(Crawled caption data)

***

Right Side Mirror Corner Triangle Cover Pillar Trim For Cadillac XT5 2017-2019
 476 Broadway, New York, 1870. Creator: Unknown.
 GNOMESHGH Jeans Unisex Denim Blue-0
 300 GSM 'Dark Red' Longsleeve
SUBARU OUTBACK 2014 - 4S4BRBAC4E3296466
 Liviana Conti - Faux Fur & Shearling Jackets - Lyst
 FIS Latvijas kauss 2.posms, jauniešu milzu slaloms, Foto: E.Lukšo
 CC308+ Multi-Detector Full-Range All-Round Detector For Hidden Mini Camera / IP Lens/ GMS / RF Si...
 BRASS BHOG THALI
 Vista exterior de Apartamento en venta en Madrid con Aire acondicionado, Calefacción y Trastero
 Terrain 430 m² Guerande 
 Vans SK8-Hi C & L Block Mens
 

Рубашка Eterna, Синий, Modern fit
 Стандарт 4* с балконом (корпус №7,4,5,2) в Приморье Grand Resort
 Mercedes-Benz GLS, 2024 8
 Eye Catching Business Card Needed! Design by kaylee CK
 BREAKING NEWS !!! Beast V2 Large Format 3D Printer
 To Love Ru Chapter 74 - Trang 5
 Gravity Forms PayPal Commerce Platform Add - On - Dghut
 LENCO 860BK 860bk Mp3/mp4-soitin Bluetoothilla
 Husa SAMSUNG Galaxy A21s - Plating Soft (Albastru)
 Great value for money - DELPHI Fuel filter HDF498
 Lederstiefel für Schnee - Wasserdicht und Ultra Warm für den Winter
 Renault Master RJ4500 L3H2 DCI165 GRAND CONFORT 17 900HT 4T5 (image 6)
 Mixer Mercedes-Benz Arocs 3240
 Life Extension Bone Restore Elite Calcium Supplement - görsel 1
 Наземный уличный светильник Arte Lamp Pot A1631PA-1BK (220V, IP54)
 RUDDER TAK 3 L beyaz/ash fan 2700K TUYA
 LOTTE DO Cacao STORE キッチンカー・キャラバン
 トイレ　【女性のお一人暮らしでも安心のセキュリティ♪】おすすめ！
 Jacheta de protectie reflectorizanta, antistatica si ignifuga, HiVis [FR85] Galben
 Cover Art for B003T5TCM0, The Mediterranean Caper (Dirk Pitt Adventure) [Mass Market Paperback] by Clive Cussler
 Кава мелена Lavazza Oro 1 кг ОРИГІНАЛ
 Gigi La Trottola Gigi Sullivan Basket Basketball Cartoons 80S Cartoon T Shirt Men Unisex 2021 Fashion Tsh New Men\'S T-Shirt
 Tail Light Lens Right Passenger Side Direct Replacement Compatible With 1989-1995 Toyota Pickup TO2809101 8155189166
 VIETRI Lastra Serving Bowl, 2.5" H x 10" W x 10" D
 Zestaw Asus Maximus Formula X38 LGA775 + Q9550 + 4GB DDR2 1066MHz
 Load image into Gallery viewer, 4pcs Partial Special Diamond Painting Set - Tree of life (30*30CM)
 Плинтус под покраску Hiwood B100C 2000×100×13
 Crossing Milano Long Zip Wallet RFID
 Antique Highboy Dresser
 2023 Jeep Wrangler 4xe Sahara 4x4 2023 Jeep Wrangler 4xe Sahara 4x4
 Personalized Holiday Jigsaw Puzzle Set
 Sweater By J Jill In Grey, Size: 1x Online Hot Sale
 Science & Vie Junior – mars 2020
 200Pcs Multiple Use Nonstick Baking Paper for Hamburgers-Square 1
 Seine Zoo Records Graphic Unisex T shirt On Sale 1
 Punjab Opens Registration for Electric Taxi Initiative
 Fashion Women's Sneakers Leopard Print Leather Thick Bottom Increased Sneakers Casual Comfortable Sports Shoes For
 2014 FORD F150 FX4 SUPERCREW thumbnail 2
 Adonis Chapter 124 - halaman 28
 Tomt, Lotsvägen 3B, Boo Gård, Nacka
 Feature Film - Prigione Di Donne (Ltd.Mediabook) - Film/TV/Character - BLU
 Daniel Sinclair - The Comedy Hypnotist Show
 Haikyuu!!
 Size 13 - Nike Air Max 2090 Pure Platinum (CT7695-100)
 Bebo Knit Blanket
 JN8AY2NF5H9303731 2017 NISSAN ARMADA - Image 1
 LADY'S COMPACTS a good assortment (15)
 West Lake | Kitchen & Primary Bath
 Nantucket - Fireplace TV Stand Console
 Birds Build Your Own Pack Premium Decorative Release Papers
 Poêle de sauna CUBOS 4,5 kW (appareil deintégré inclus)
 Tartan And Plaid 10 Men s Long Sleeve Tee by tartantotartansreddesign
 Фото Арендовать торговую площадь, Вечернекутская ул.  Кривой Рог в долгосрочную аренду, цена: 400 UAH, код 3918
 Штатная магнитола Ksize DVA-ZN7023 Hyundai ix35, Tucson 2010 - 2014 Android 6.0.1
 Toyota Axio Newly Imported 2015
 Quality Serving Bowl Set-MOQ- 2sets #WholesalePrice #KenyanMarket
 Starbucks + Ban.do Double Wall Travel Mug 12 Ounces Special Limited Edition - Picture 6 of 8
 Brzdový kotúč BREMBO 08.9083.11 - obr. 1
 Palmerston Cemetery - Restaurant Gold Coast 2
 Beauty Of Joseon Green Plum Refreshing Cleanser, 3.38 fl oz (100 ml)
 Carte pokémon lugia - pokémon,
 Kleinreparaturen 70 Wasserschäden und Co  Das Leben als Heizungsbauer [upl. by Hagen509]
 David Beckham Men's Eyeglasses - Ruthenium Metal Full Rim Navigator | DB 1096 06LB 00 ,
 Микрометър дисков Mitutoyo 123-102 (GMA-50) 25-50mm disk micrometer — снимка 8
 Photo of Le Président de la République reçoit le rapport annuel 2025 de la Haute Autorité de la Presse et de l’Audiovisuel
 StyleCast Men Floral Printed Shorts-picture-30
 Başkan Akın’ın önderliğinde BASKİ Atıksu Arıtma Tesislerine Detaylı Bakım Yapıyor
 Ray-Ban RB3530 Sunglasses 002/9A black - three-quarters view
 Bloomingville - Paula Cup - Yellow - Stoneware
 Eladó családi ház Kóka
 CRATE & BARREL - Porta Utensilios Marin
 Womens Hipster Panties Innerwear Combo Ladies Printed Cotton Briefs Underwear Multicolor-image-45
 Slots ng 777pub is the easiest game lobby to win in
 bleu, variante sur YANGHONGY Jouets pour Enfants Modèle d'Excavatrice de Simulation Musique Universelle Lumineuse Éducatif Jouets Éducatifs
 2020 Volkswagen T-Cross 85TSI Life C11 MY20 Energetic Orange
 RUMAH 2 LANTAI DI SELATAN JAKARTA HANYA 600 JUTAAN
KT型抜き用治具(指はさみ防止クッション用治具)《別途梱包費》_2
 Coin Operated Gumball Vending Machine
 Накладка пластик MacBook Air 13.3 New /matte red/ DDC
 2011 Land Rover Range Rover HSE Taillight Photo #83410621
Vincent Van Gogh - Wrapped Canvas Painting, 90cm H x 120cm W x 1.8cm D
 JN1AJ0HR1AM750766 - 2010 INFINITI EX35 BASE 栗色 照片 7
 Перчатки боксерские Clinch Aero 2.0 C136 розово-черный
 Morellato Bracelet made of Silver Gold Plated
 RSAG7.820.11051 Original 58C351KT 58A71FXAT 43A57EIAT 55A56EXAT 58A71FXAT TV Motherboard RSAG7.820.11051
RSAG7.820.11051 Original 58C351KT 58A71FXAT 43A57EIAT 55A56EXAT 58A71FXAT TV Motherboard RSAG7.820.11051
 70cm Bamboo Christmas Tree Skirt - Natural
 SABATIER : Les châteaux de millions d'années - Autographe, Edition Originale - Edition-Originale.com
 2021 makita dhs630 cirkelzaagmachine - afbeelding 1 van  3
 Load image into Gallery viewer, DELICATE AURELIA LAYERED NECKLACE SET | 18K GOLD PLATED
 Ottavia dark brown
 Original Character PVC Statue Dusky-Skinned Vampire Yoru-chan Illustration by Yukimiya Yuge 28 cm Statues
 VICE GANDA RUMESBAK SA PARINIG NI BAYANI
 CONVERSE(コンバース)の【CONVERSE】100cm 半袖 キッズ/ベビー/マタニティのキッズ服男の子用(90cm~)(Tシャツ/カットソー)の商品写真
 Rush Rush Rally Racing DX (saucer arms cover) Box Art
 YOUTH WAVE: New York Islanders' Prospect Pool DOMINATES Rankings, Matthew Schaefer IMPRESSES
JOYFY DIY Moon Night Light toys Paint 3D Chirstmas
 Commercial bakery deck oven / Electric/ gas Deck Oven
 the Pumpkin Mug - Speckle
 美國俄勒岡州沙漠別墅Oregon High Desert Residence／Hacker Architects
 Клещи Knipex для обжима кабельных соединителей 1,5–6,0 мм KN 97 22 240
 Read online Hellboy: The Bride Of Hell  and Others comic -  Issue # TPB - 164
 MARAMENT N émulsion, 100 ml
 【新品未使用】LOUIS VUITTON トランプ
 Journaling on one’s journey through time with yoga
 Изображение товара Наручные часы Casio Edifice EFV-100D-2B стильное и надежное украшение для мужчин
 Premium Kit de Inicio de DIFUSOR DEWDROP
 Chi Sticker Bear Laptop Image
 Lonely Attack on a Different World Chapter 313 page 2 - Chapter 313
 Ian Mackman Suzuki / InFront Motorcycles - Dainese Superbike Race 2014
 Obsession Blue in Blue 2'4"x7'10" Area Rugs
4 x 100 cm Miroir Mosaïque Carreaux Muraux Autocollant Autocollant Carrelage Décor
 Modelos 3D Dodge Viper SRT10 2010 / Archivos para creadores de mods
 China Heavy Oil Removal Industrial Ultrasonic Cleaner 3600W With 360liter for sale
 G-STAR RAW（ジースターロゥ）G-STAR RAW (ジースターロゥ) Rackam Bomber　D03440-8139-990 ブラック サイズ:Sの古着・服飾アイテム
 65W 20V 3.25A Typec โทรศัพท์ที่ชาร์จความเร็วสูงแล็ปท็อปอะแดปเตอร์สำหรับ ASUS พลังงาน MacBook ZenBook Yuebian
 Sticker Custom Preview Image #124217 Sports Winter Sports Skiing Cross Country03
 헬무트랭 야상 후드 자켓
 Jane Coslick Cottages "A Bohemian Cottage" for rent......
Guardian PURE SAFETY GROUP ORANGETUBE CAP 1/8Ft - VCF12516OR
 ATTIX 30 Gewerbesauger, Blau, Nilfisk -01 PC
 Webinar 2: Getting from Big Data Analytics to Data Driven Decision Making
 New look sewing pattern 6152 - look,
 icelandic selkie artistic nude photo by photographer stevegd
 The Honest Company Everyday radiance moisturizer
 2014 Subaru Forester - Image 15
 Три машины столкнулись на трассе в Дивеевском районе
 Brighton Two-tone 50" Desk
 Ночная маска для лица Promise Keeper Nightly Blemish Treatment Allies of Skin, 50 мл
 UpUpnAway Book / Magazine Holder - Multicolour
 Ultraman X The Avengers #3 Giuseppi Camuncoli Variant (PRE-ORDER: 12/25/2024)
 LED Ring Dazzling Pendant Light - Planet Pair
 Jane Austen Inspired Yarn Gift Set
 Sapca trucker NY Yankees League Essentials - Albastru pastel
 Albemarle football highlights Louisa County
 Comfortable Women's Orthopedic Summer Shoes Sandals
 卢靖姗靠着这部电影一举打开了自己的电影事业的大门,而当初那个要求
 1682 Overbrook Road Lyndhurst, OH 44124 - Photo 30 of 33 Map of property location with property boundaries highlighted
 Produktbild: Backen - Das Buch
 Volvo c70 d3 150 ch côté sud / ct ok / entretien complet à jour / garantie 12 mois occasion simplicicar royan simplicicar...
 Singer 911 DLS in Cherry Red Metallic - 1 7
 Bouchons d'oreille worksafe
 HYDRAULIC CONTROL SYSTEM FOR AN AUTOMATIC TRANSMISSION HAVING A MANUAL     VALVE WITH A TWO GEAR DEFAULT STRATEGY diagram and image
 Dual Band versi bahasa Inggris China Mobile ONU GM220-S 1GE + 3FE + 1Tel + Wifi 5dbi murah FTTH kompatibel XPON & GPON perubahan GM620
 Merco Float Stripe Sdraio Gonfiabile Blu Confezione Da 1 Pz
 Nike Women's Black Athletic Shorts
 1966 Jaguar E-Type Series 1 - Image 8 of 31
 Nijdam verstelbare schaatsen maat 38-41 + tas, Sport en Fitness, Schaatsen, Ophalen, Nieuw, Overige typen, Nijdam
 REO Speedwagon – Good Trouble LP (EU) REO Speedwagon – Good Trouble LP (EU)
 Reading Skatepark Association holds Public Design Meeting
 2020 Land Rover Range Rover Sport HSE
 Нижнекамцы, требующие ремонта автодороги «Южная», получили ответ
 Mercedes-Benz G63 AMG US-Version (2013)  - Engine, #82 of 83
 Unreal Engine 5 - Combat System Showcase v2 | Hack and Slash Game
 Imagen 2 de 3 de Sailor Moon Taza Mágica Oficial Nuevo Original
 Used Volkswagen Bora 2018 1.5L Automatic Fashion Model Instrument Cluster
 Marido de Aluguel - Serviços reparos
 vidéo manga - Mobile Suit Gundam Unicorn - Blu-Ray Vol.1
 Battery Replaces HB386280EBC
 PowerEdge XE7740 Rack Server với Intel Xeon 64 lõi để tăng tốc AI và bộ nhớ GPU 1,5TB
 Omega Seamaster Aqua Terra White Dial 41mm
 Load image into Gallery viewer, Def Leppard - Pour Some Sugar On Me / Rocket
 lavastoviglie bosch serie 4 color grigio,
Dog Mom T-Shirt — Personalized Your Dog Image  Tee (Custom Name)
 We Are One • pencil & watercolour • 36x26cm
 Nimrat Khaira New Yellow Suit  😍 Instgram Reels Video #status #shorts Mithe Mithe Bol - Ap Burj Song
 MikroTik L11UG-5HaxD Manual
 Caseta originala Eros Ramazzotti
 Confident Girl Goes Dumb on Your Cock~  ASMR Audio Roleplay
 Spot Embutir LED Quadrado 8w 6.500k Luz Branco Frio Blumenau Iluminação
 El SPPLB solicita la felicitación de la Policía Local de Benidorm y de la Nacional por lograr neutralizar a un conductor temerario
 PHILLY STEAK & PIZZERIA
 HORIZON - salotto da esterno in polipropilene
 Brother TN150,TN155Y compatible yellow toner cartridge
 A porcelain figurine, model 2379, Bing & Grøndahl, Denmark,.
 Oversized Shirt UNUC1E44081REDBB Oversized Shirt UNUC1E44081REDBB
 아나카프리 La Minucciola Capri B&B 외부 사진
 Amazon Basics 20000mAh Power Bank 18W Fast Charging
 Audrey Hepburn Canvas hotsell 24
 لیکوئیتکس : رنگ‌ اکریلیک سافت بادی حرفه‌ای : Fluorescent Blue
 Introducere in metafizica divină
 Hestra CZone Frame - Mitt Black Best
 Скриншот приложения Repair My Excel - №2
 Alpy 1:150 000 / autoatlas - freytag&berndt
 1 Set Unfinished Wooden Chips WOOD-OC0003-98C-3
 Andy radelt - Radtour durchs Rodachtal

***

### The task
Set down precisely the lines above between the line holding "Nike Women's Black Athletic Shorts" and the line holding "Imagen 2 de", inclusive, and nothing beyond them.

### Output of the task
 Nike Women's Black Athletic Shorts
 1966 Jaguar E-Type Series 1 - Image 8 of 31
 Nijdam verstelbare schaatsen maat 38-41 + tas, Sport en Fitness, Schaatsen, Ophalen, Nieuw, Overige typen, Nijdam
 REO Speedwagon – Good Trouble LP (EU) REO Speedwagon – Good Trouble LP (EU)
 Reading Skatepark Association holds Public Design Meeting
 2020 Land Rover Range Rover Sport HSE
 Нижнекамцы, требующие ремонта автодороги «Южная», получили ответ
 Mercedes-Benz G63 AMG US-Version (2013)  - Engine, #82 of 83
 Unreal Engine 5 - Combat System Showcase v2 | Hack and Slash Game
 Imagen 2 de 3 de Sailor Moon Taza Mágica Oficial Nuevo Original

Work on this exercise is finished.